● AVAILABLE DATA:

______________________________

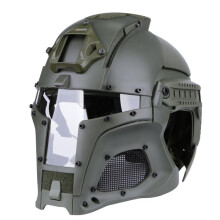 Military Ballistic Helmet with Side Rails and NVG Shroud Transfer Base for Army Combat, Airsoft, Paintball, OD Color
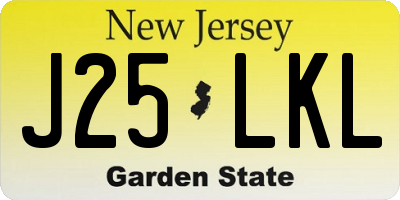 NJ license plate J25LKL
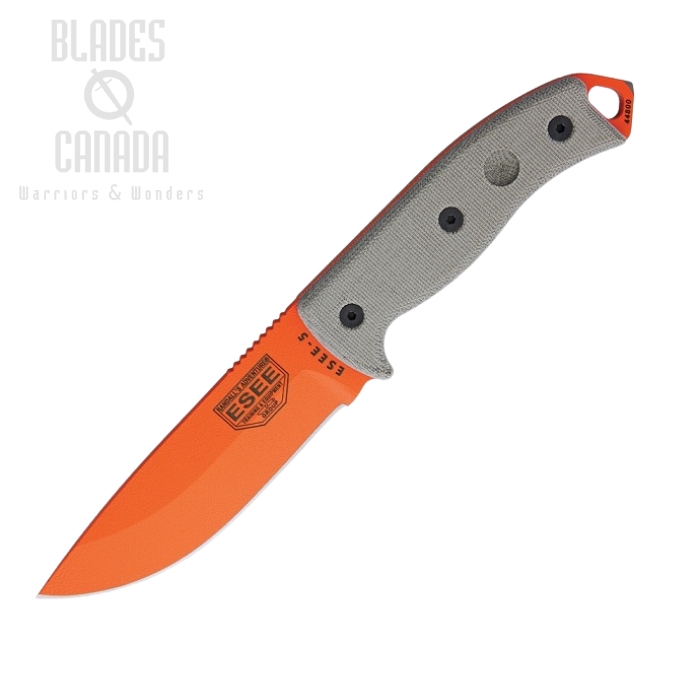 ESEE Model 5 Fixed Blade Knife, 1095 Carbon Orange, Canvas Micarta, Kydex Sheath, 5P-OR (image for) ESEE Model 5 Fixed Blade Knife, 1095 Carbon Orange, Canvas Micarta, Kydex Sheath, 5P-OR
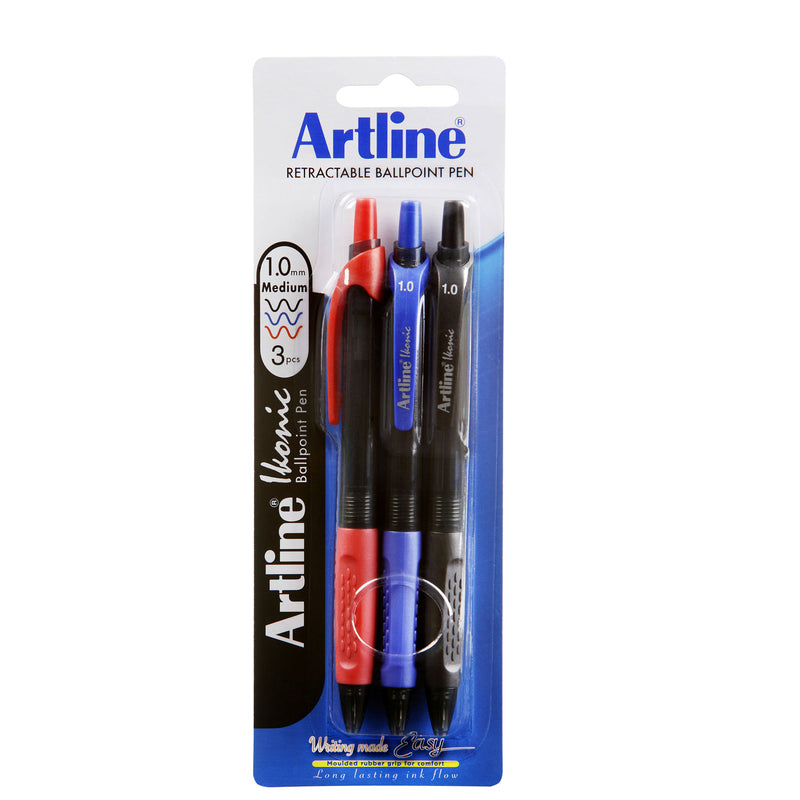 Artline Ikonic Ballpoint Pen Retractable Grip Medium Assorted - Pack of 3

______________________________

● PROBLEM DESCRIPTION:
Exactly as written, reproduce the lines from the beginning of the material through the line with "Sheath, 5P-OR (image", and skip any picture.

● ANSWER BOX:
 Military Ballistic Helmet with Side Rails and NVG Shroud Transfer Base for Army Combat, Airsoft, Paintball, OD Color
 NJ license plate J25LKL
 ESEE Model 5 Fixed Blade Knife, 1095 Carbon Orange, Canvas Micarta, Kydex Sheath, 5P-OR (image for) ESEE Model 5 Fixed Blade Knife, 1095 Carbon Orange, Canvas Micarta, Kydex Sheath, 5P-OR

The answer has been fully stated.